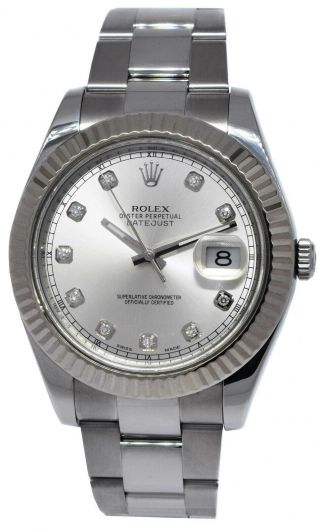 Rolex Datejust II Steel & 18k White Gold Bezel Diamond Dial 41mm Watch G 116334 2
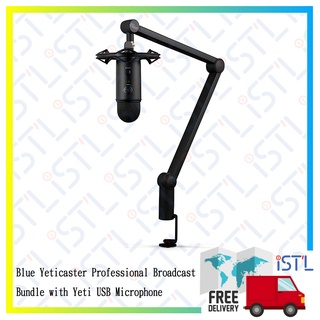 Blue Microphone Yeticaster Professional Broadcast Bundle with Yeti USB Microphone, Radius III Shockmount, and Compass Boom Arm(Black)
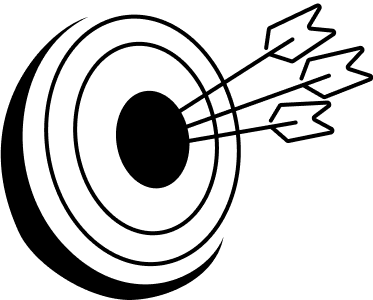 Illustration of an arrow hitting a target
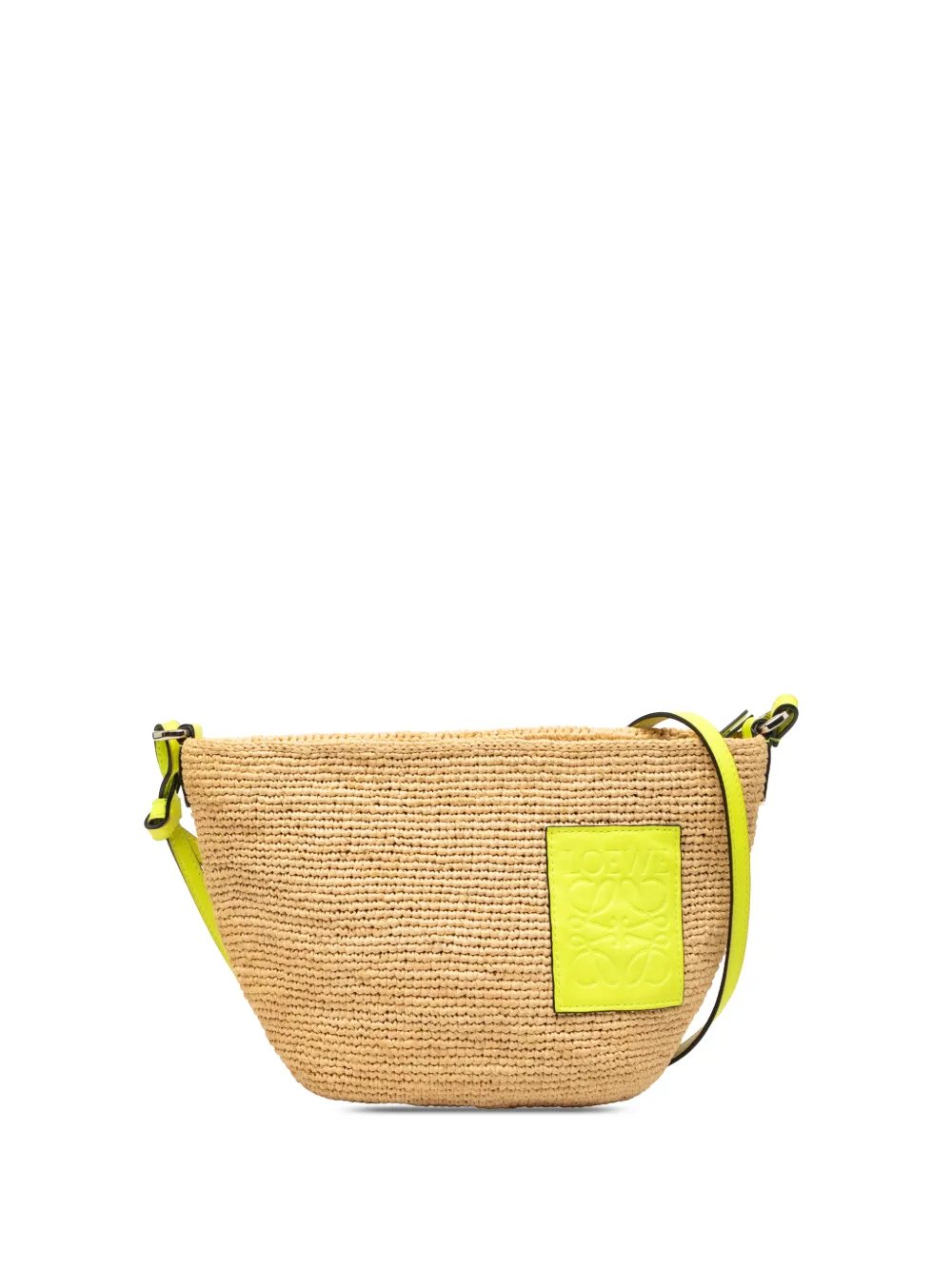 2020 Raffia and Calfskin Slit Pochette crossbody bag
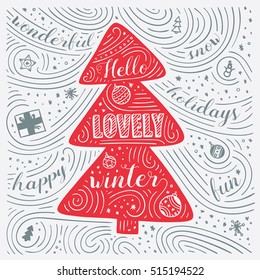 Winter Card. The Lettering - Hello Lovely Winter. New Year / Christmas Design. Handwritten Swirl Pattern. Vector Illustration.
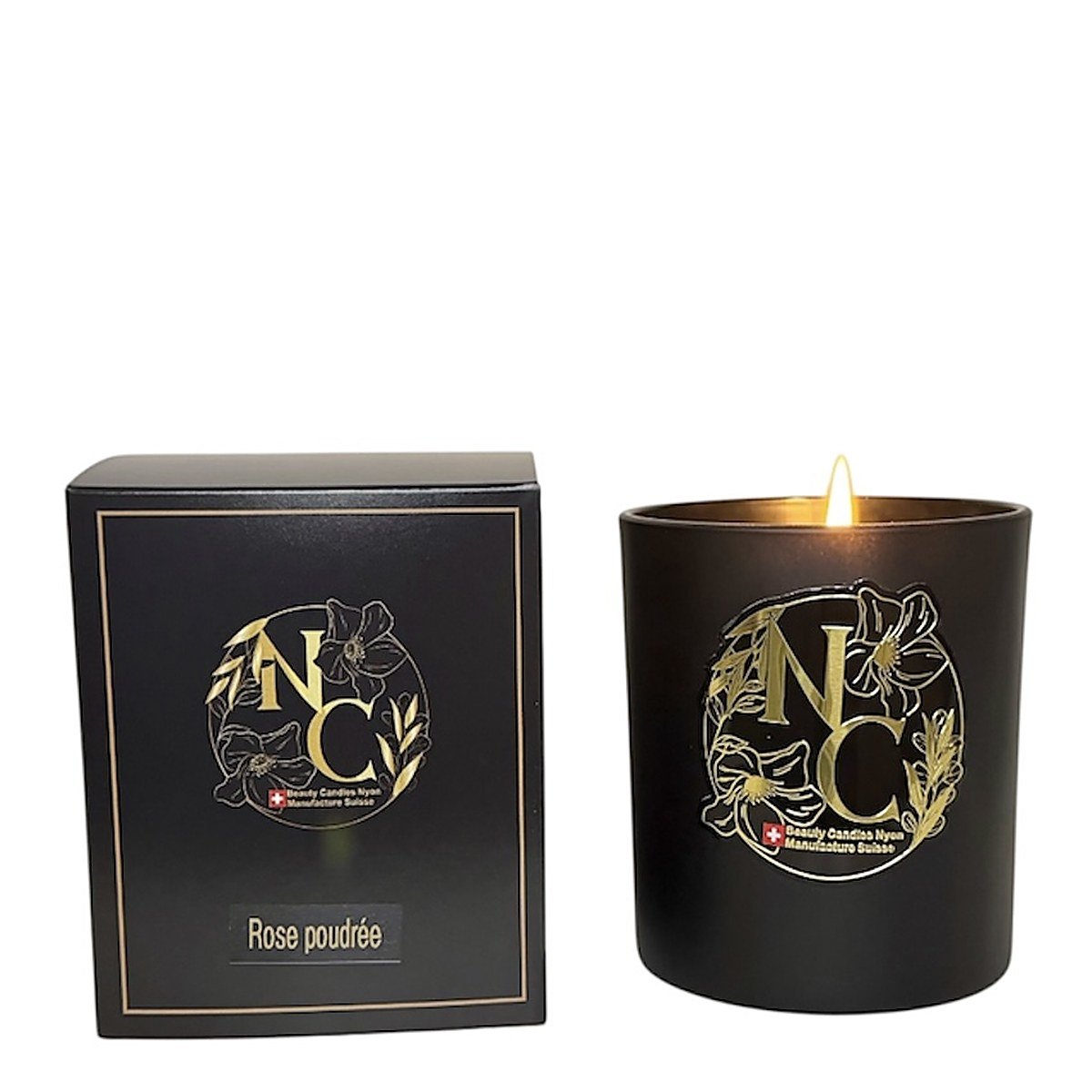 Bougie parfumée Rose poudrée avec son coffret, pot noir, cire de soja blanche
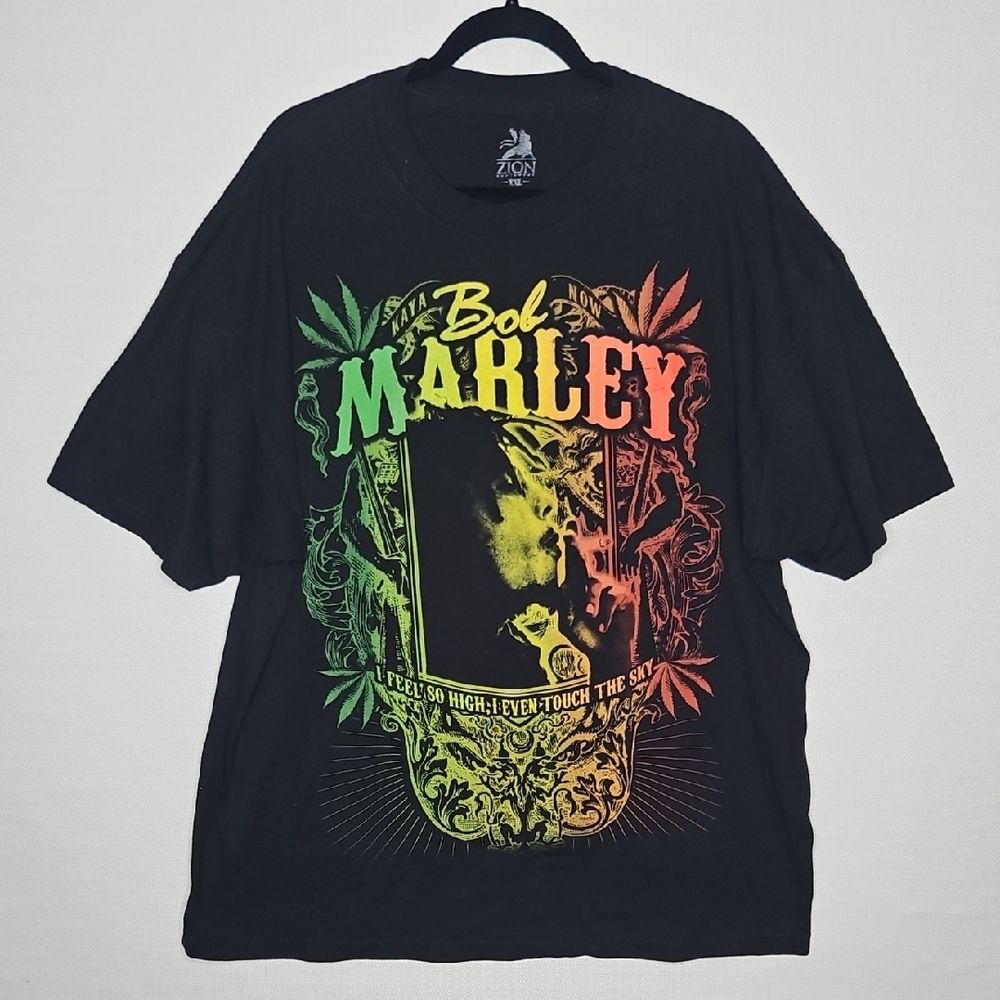 Zion Rootswear Bob Marley Black Graphic Tee - 100% Cotton Size XXL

========

Repeat the material verbatim. Do not carry over any picture.

- Response area
 Rolex Datejust II Steel & 18k White Gold Bezel Diamond Dial 41mm Watch G 116334 2
 Blue Microphone Yeticaster Professional Broadcast Bundle with Yeti USB Microphone, Radius III Shockmount, and Compass Boom Arm(Black)
 Illustration of an arrow hitting a target
 2020 Raffia and Calfskin Slit Pochette crossbody bag
 Winter Card. The Lettering - Hello Lovely Winter. New Year / Christmas Design. Handwritten Swirl Pattern. Vector Illustration.
 Bougie parfumée Rose poudrée avec son coffret, pot noir, cire de soja blanche
 Zion Rootswear Bob Marley Black Graphic Tee - 100% Cotton Size XXL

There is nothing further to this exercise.